The authors of the study, doctoral student Steven Roberts and psychology Susan Gelman, say their research shows that young children have no firm notion or understanding of the concept of race, according to The University of Record, a news outlet for University of Michigan faculty members and administrators.

For the study, Roberts and Gelman recruited 74 children — at various museums. There were also 28 adult research subjects, who participated online.

Roberts and Gelman asked their research subjects to look at images of children in various states of emotion — happy, angry, etc. Some of the children in the images were black. Others were white.

Research participants then viewed images of adults in these emotional states.

The skin colors and emotions of the adults in the images were reversed. So, for example, participants would see an image of a happy white kid and an image of a happy black adult, and they would see an image of angry black kid and an angry white adult.

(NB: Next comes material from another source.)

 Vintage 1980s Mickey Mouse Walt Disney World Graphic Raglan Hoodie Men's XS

The researchers then asked the participants which adults the kids would turn out to be, based on the images.

White adults said white kids would grow up to be white adults. Nine-year-old and 10-year-old kids also said white kids would grow up to be white adults. So did the kids from racial minorities who were 5 years old and 6 years old.

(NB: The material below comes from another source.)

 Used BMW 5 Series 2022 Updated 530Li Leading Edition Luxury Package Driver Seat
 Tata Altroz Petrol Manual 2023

However, according to Roberts and Gelman, the white 5-year-old and 6-year-old kids tended to match emotions, not skin color. Many of the young kids answered that white angry kids would grow up to black angry adults, and that white happy kids would grow up to be black happy adults.

And thus, from their sample of 102 people, Roberts and Gelman have concluded that young white kids view race as an unstable human characteristic, which can shift as people age.

“These data suggest that beliefs about racial stability vary by age and race, and that at an early age, children do not have strong beliefs about race. They don’t even believe that race is stable,” Roberts said, according to The University Record. “Because of this, white 5- to 6-year-olds may be less likely to use race as a way to discriminate against other children when selecting who to play with, for example.”

Roberts and Gelman propounded that black children may realize that skin color is a permanent thing earlier in their lives because black kids are exposed to more racial diversity in their lives whereas young white children see fewer people who aren’t white.

The study by Roberts and Gelman was funded by generous taxpayer-funded grants from both the National Institute of Child Health and Human Development and the National Science Foundation. The Ford Foundation also provided funding.

The study appears in Developmental Psychology, a journal of the American Psychological Association.

Roberts and Gelman collected their data in 2014 and 2015.